At the edge of the Schaefer place is a tall oak tree. Two years ago a woodpecker decided he liked the tree and took possession of it. The tree is almost against the Lawrence fence and close to the broker's house.
Mr. Schaefer, a bird lover and member of the Audubon Society, took an interest in the woodpecker and watched his labors from the time sap began running in the oak until fall.
Mr. Lawrence took an interest in the woodpecker also, but it was a different kind. One day the broker went to the banker and said: "Schaefer, doesn't that woodpecker disturb you and your household? There are times when he seems to make more noise than a battery in action. If you are going to let him stay there I wish you would teach him to stay in bed until 8 o'clock and be more civilized."
The woodpecker did not change his schedule of working hours, and some weeks ago when he resumed operations he could always be counted upon to begin his tapping about sunrise.

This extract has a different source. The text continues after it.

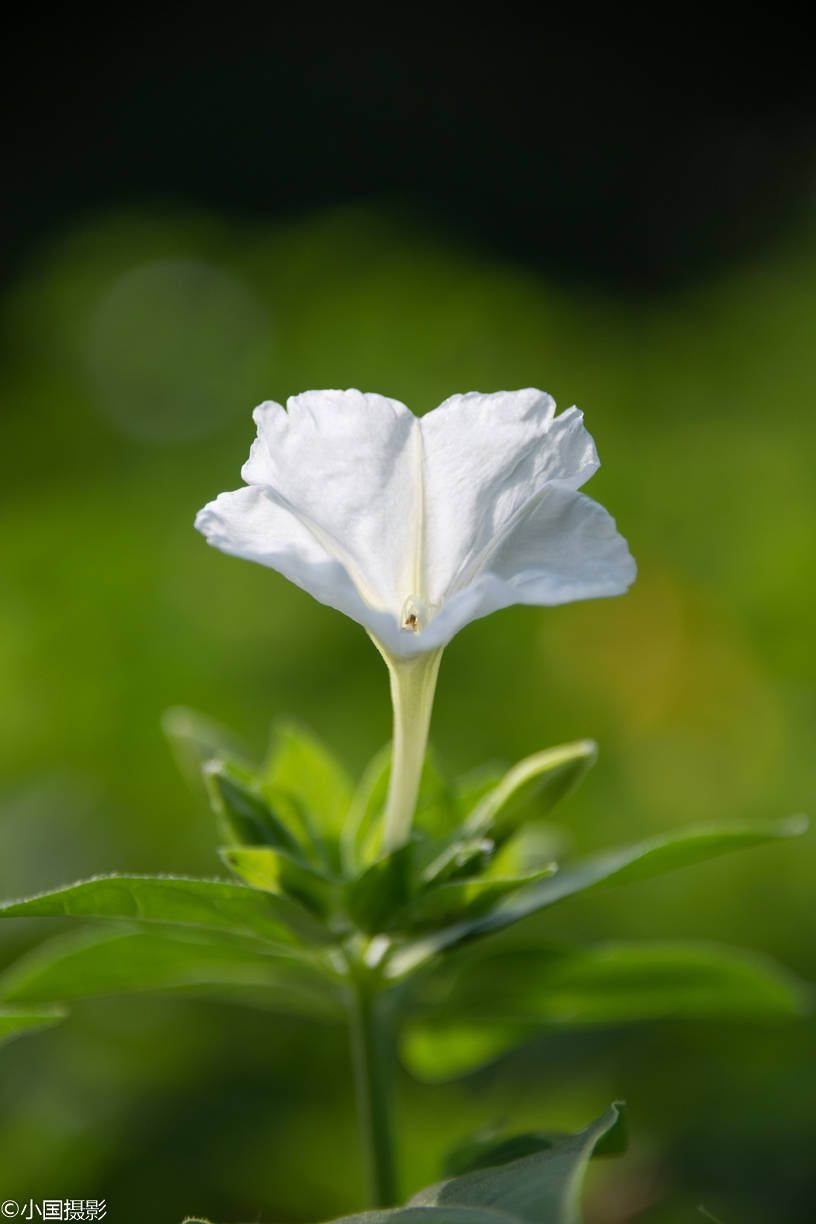 花卉摄影人称罗密欧与朱丽叶之花的紫茉莉代表坚贞质朴成熟美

Mr. Lawrence again went to Mr. Schaefer and said: "You have got to kill that bird. We simply can't stand it. He has got on Mrs. Lawrence's nerves frightfully."
"No; I don't believe in killing birds." replied the banker. "If that woodpecker wants to peck on my trees he is more than welcome. No, sir! I don't propose to allow any one to disturb that bird as long as he is pecking on this place!"
Mrs. Lawrence then became active. She went to Mayor James C. Lennon and told him her health was being wrecked by that woodpecker.
"I'll see what I can do," said the Mayor, "but I doubt if I have jurisdiction in the matter."
"Who has jurisdiction then?" Mrs. Lawrence asked.
"I would suggest James J. Fleming, the Public Safety Commissioner." the Mayor replied.
Commissioner Fleming had no jurisdiction either, he said. He advised Mrs. Lawrence to go to the Board of Health.
The Board of Health officer said there was no precedent to show how they should act when a woodpecker was pecking on the property of a man who didn't object.
"Maybe the police can help you," they suggested.
Chief of Police Wolf scratched his head and went into deep thought when Mrs. Lawrence called on him. There was no doubt in the chief's mind that the woodpecker was a nuisance, but he told her there was nothing he could do. But he went to the Mayor, and the two agreed that the only way to do was to arbitrate the differences between the families.
"But you'll have to arbitrate with the woodpecker," said the Mayor. "I believe he will resent outside interference and stand pat."
"We might put a muffler on him," suggested Chief Wolf.
"Yes, we might; but Mr. Schaefer wouldn't stand for that," replied the Mayor, and that was as far as the Yonkers city, officials got. So Mrs. Lawrence came to the city for quiet.
"Me have that woodpecker killed?" said Mr. Schaefer last night. "Not for anything! I wouldn't harm that redheaded little rascal, I love to watch him. Then, too, you must remember that this is my property; that is my tree out there, and I suppose I could claim that old woodpecker if I choose to. I'm sorry my little woodpecker has caused all this trouble, but it can't be helped."
As an aside, marvel at the days when you could march into the mayor's office and demand he kill a woodpecker.